A few things I'm wondering about:
- Has anyone ever imported a freebase dump into ArangoDb?
- Is there a tool to help accomplish this?
- What would be a strategy to manually do this?
- Or maybe it's just a bad idea and shouldn't be done?
Some of the challenges I'd be expecting are:
- No ordering guarantee in the rdf data (afaik). Say I'm interested in a certain person and some information referenced by the /people/person instance appears in the dump before the actual person - then I have to go trough the dump a second time to find this referenced information
- In terms of storing the data, one could make a collection per type and add references between them or save all properties in the toplevel type one is interested in (per the schema, a /people/person includes /common/topic - from an OO-perspective freebase does multiple inheritance, which may lanugage of choice (java) does not support)
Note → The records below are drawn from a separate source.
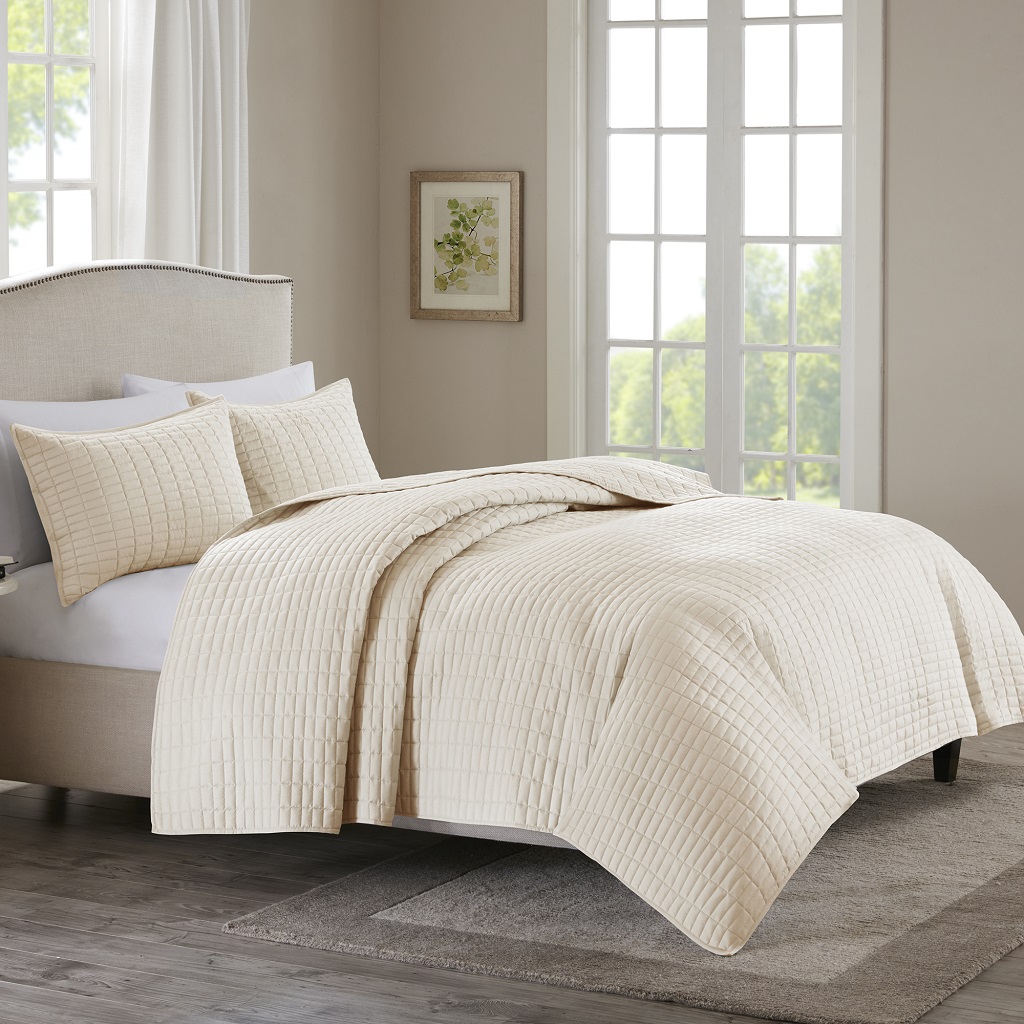 

Home Essence - Hayden 3 Piece Coverlet Set - Ivory - King/Cal King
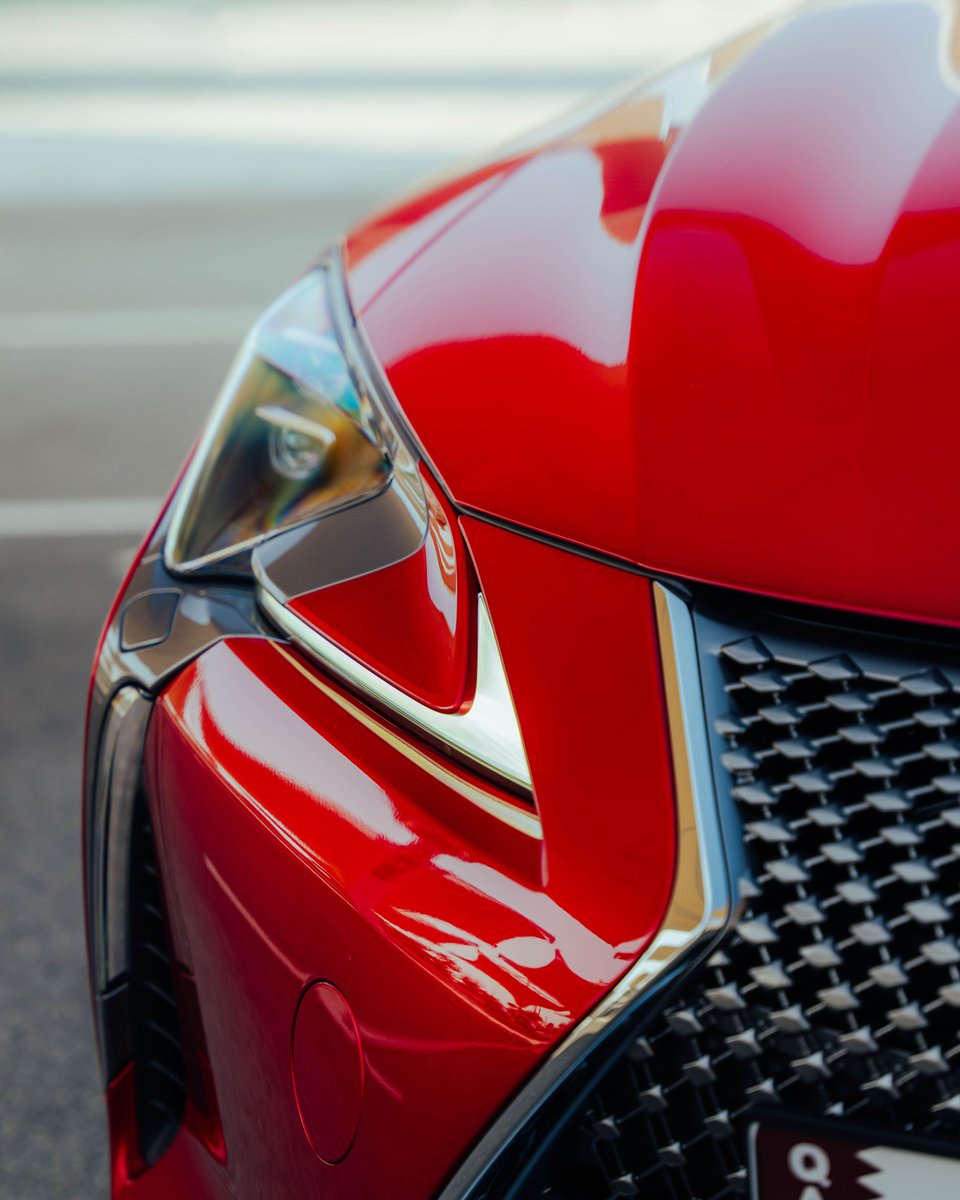 تصميم يحوّل الشوارع إلى مشهد مبهر.​
وقيادة تُلامس أعماق الروح. ​
إنها لكزس إل سي 500 ​🔥​
A design that turns streets into runways.​
And a drive that hits you right in the soul.​
This is the Lexus LC500. 🔥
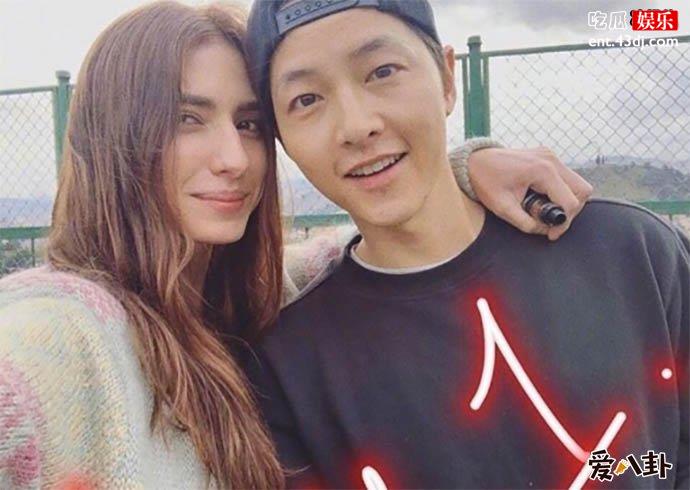 宋仲基和该名女性的关系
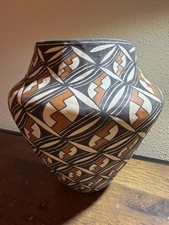 Large 10.5” Tall Native American Pot Acoma Pottery Signed  picture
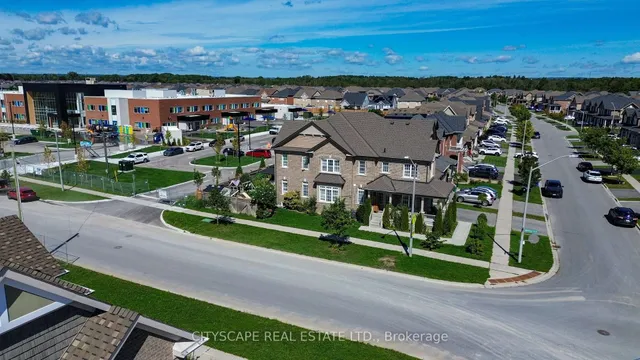 250 Crombie St, Clarington 4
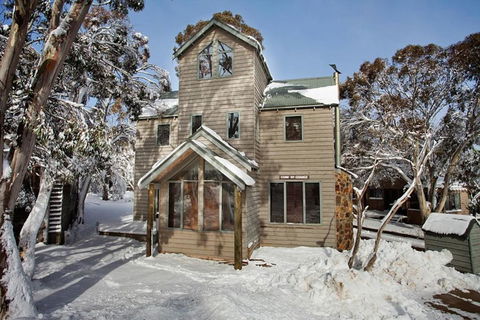 COME BY CHANCE, Dinner Plain - Accommodation Yamba 0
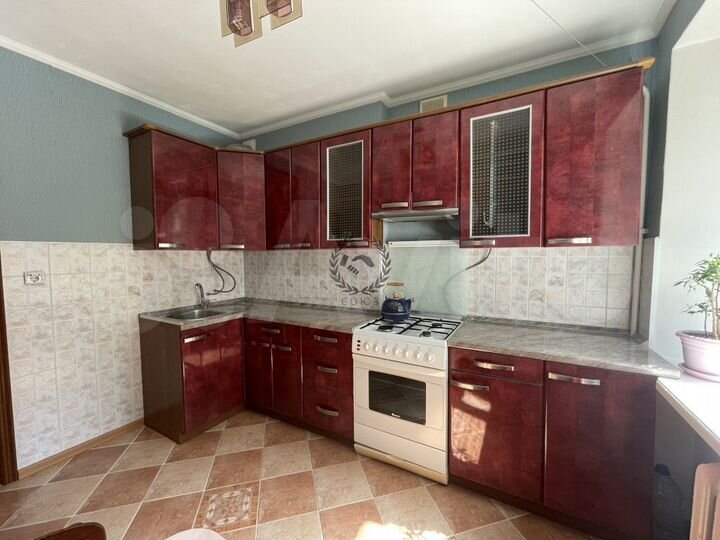 2-к. квартира, 49 м², 5/5 эт.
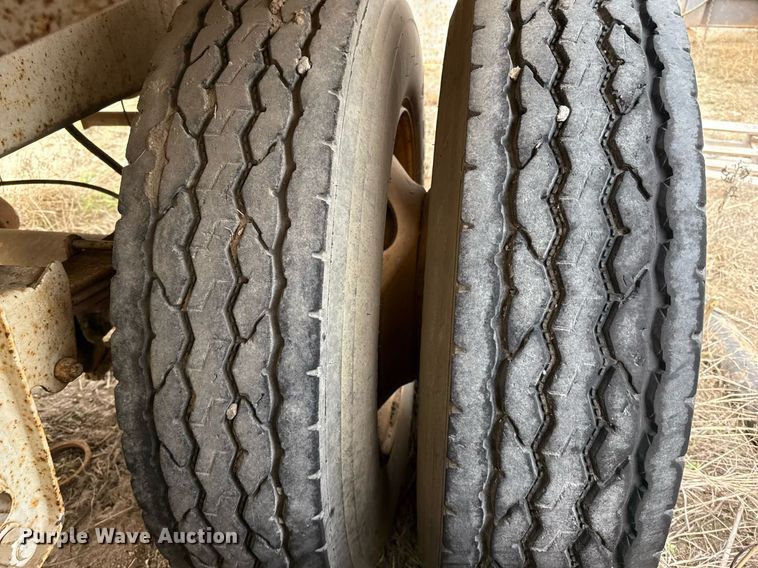 image for item DJ0895 2011 Overland acid tank trailer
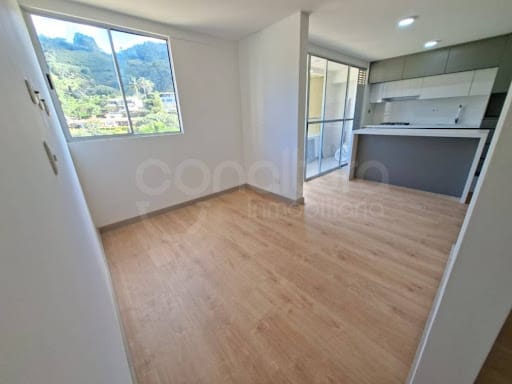 Apartamento de 2 alcobas en arriendo en La Mina, Envigado, 61 m² · foto 3 de 13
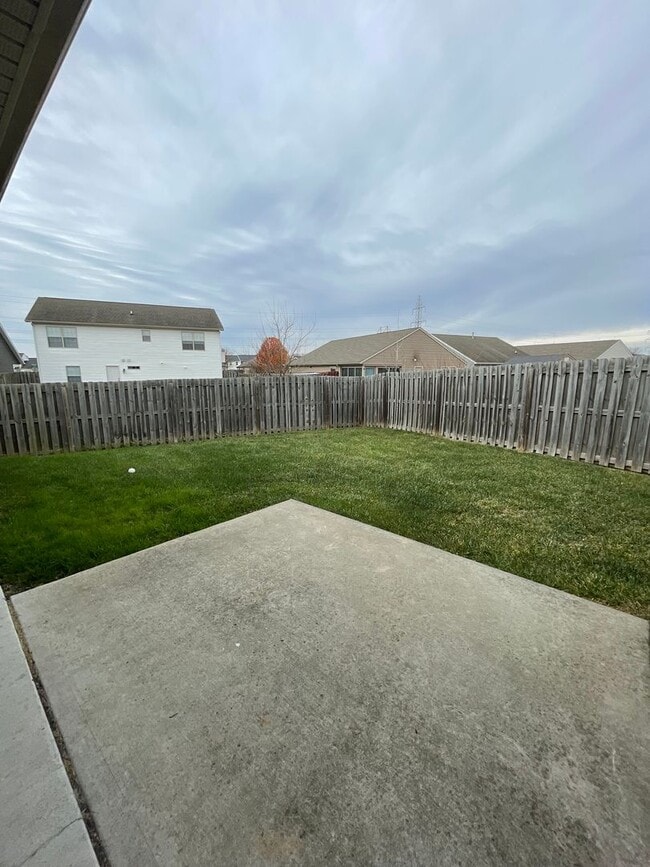 Building Photo - Home Sweet HOME!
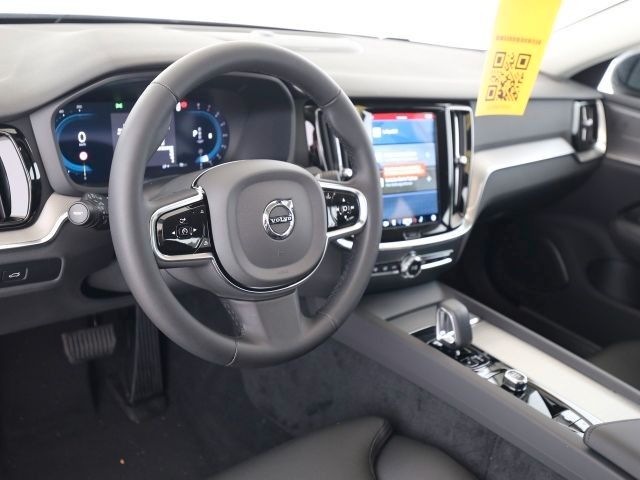 Volvo S60 B4 Lim. Plus Dark ACC BLIS H&K 19"LMF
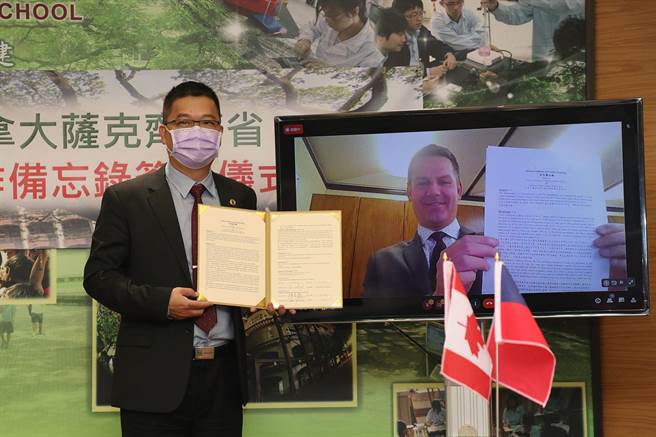 嘉義高中校長陳元泰（左）透過視訊連線，與加拿大薩克萬齊省教育局長Francois Rivard局長簽署合作備忘錄。 （廖素慧攝）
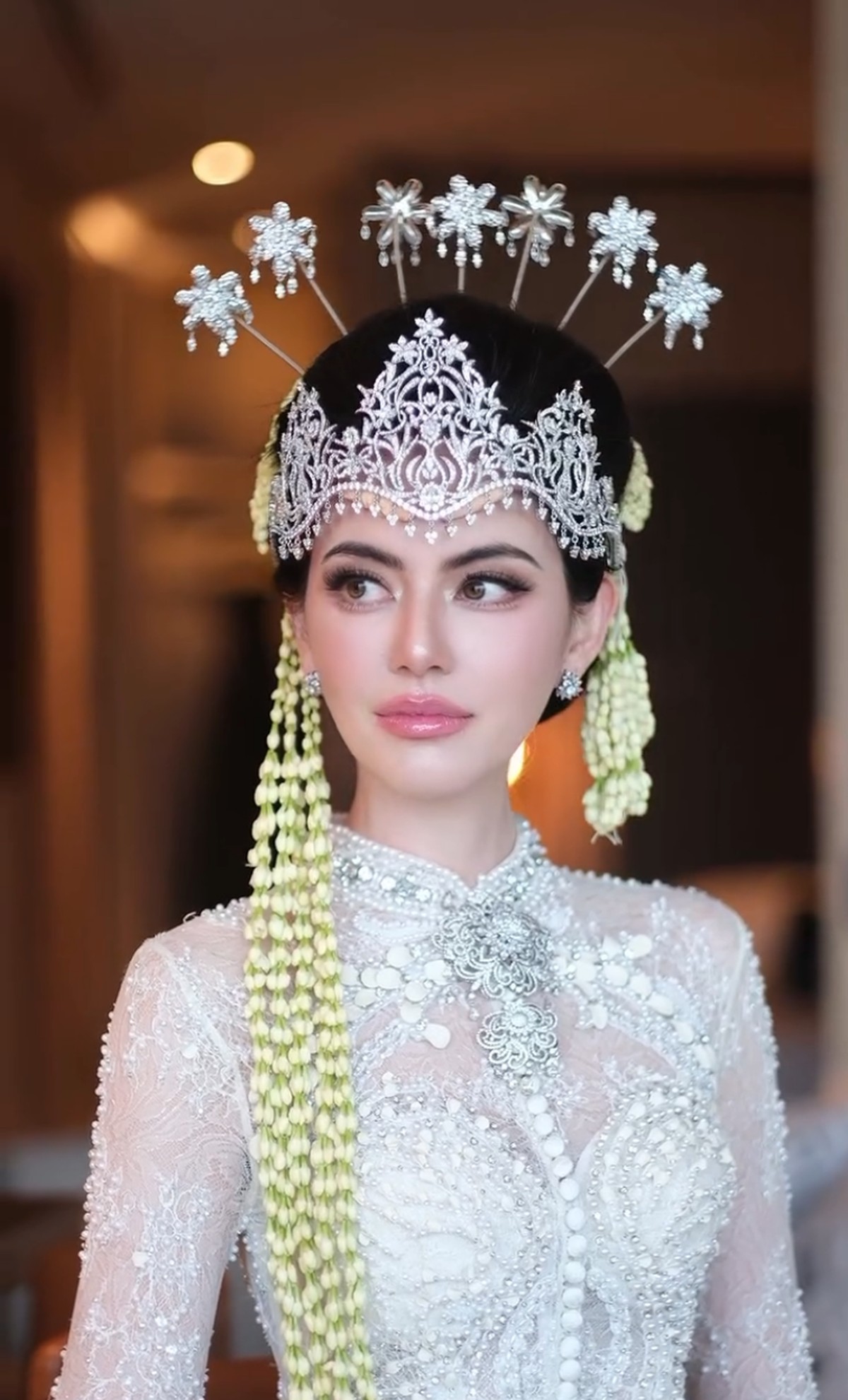 Davika Hoorne Jadi Pengantin Sunda&period;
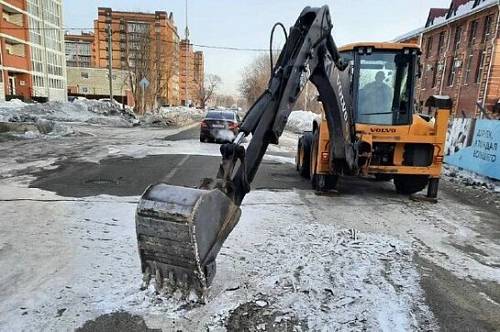 В Благовещенске от наледи очистили участки дорог над теплосетями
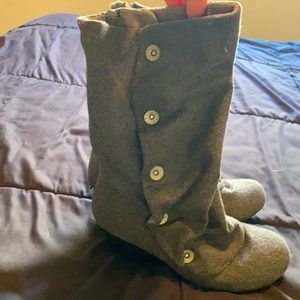 Gray mid calf boots. EUC!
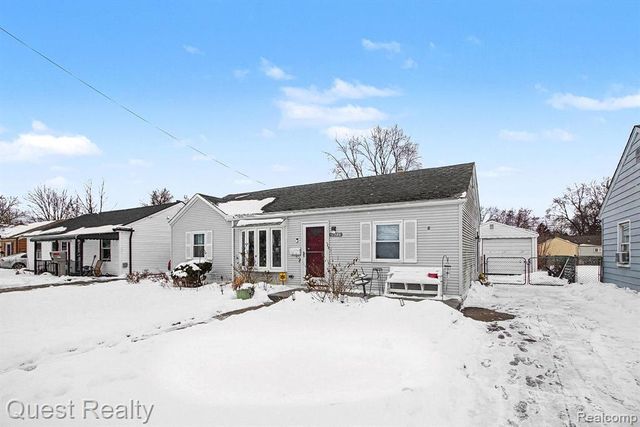 26225 Waldorf Street, Roseville, MI 48066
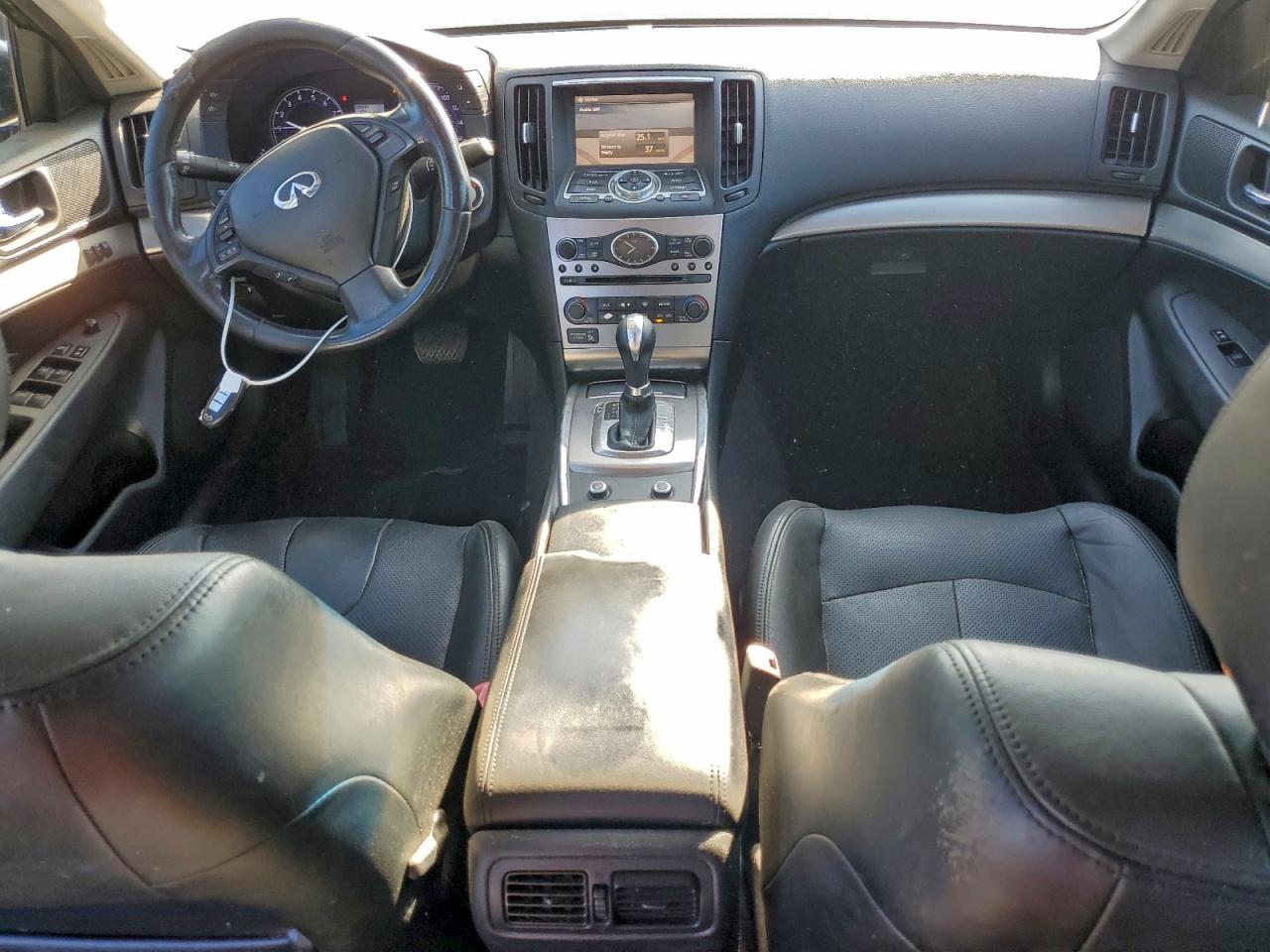 2013 INFINITI G37 BASE photo 8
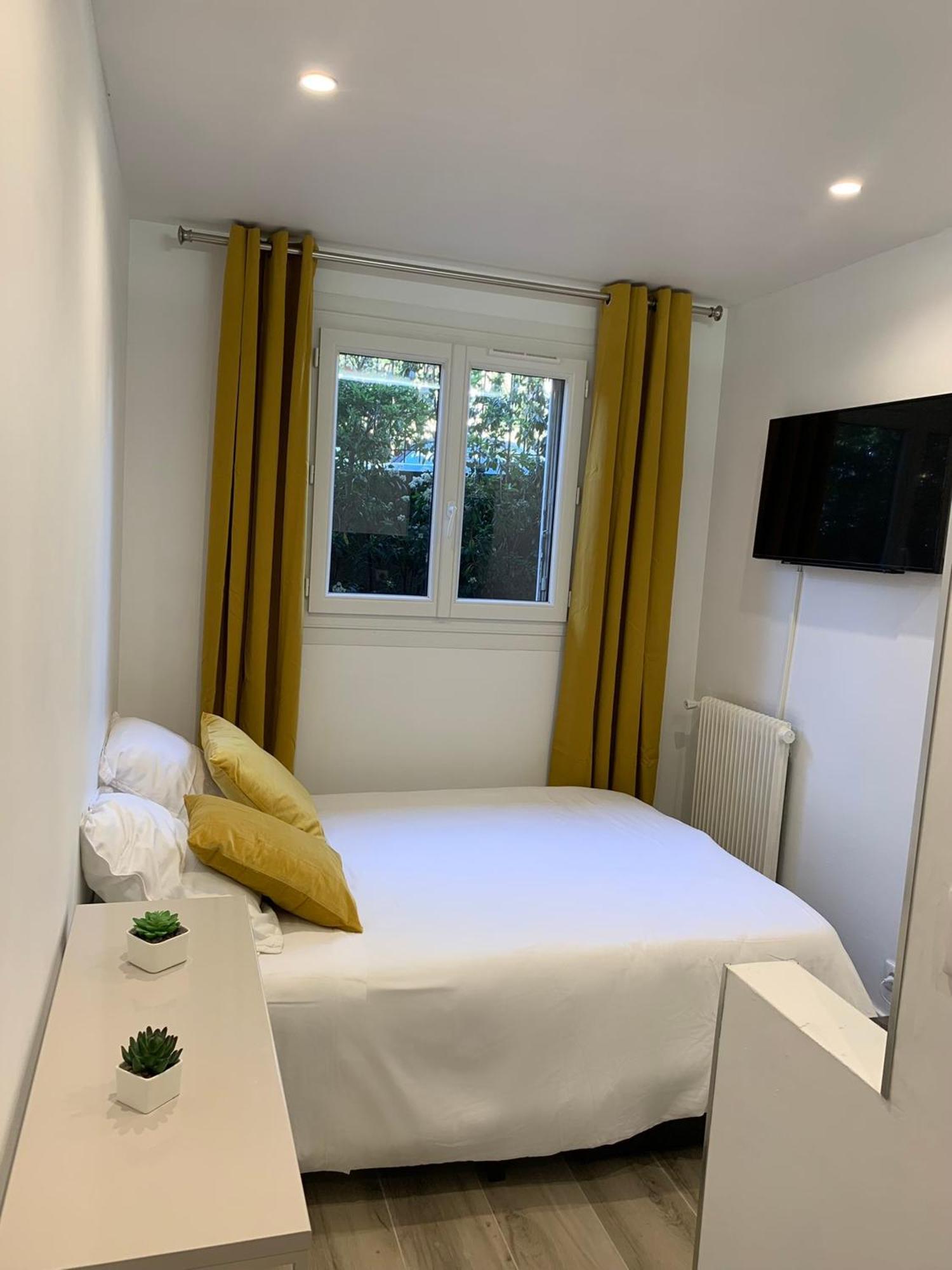 Gallia - - 15 Min Palais - Centre Apartment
- One would likely have to go trough the dump at least twice, once to collect and store the entities and their properties, and another time to add the graph edges between them)
Update
Currently, I go trough the dump several times. The steps are roughly as follows:
- Split the 28GB gzip (250GB uncompressed) into smaller gzip files a 5M lines, this results in about 550 files
- Go trough each of the files, look for the triples that declare a certain type and store the subjects (freebase namespace + mid) in one file per type I'm interested in
- (a) Go trough each of the files again, since I now know the mids, I can assemble the full objects. These are held in memory as much as possible but persisted to disk, one json file per object (we can't be sure whether the object is complete until the entire dump has been processed)
- Go trough all the files on disk and load them into arangodb
It works but it's slow and strikes me as inefficient to go trough the dump this many times. And there will be more passes trough the dump, during/after (a) we are discovering many more entities that are related to the core entities I'm interested in.
And making millions of requests to the freebase api won't be much better either.
So that's a bit of background on why I'm interested in this topic and if there were a pre-made solution for that would be nice.
A similar thing has been done with data from Wikipedia in this project. I'm not aware of a Freebase dump though, but it should be very similar to a Wikipedia dump, shouldn't it? The steps you would need to do are the following:
- Convert the data from Freebase into JSON format in a form that you would like to store them in your ArangoDB instance.
- Use arangoimp to do the import.